# Taken Three by Five Pawns



## rogue zombie (24/4/16)

Anyone tried the new Taken Three range from Five Pawns?

Even though I think these "premium" brands are overpriced, I'm always curious about Five Pawns stuff - it is the first premium brand that had flavours that genuinely blew my mind.

Reactions: Like 1 | Agree 1


----------



## Andre (24/4/16)

I have not, but if I remember correctly it is mostly sweet stuff.

Reactions: Like 1


----------



## rogue zombie (24/4/16)

Andre said:


> I have not, but if I remember correctly it is mostly sweet stuff.


Yip looks like it, reading the descriptions.

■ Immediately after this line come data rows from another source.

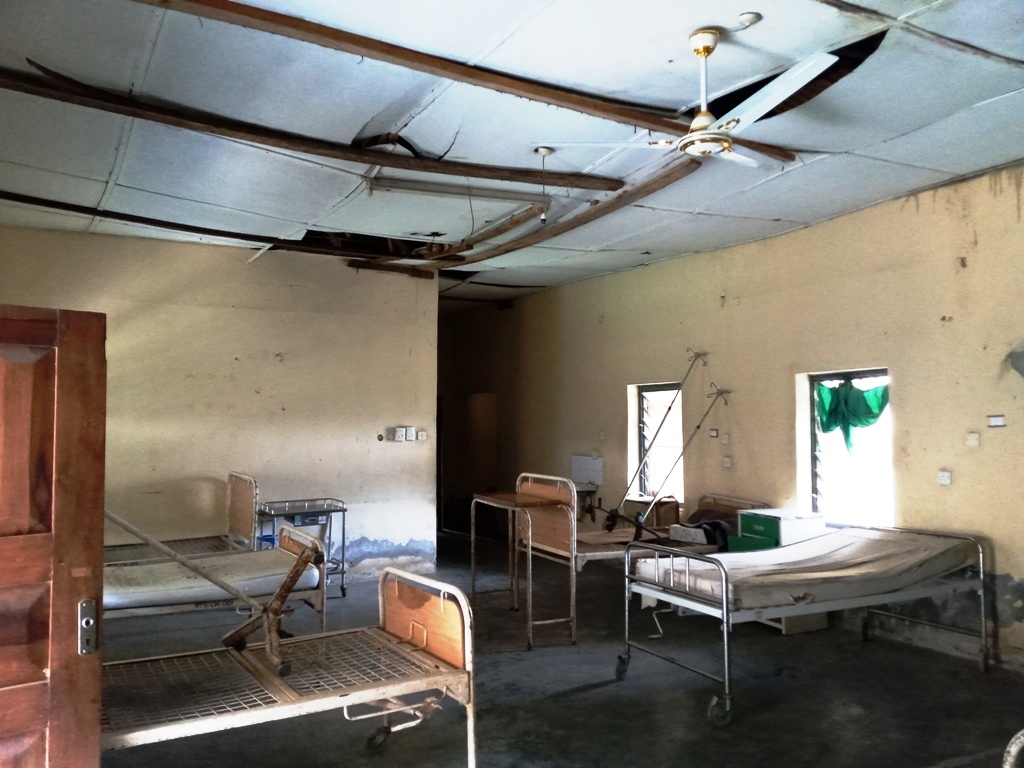 The female ward of Odi General Hospital in Bayelsa State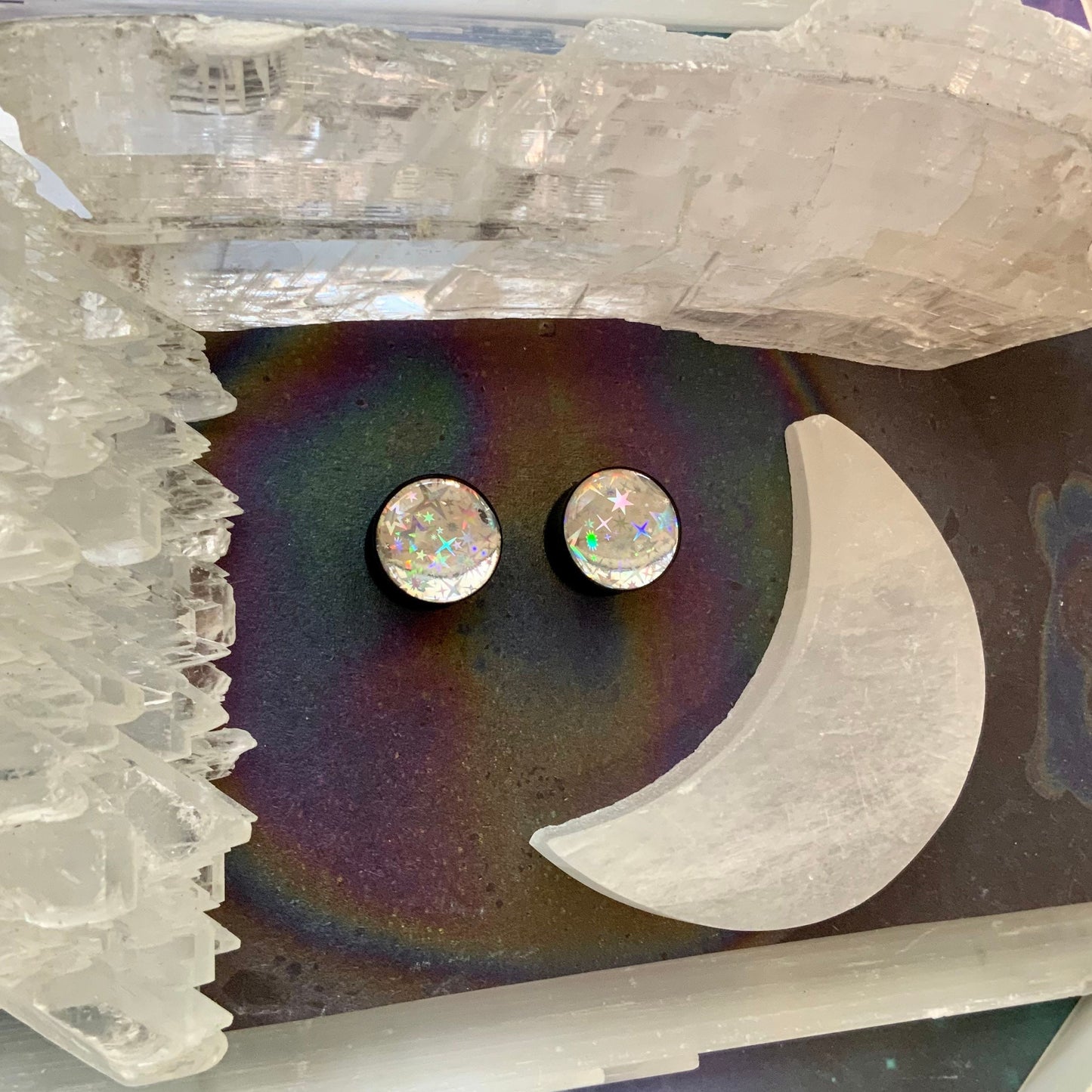 Starry Night Holographic Saddle Plugs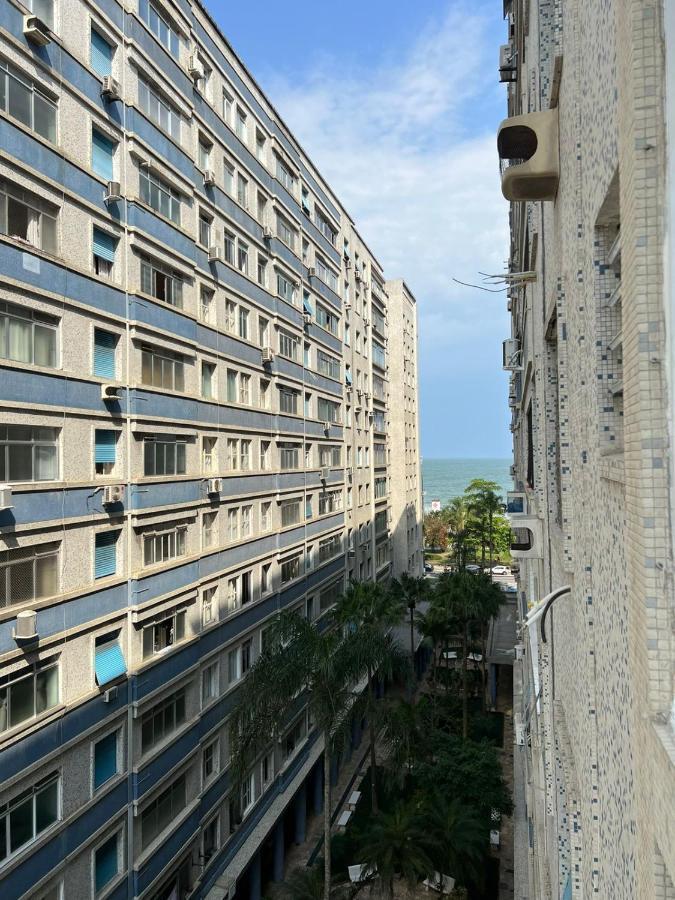Lindo Apartamento Em Frente A Praia - Santos Apartment Luaran gambar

But I watched a review on the Pineapple Upside down Cake, and the reviewer said (as usual with 5P) that it was extraordinary stuff... so I'm finding it difficult to resist 



Sent from my SM-G920F using Tapatalk

Reactions: Like 1


----------



## Lord Vetinari (24/4/16)

Ah so thats why my old faves are no longer imported


----------



## rogue zombie (24/4/16)

Lord Vetinari said:


> Ah so thats why my old faves are no longer imported


You mean old Five Pawns?

If I remember correctly, 5P got some serious flak about the Acetyl etc. in their line.

So I reckon that's why they discontinued a whole bunch of them.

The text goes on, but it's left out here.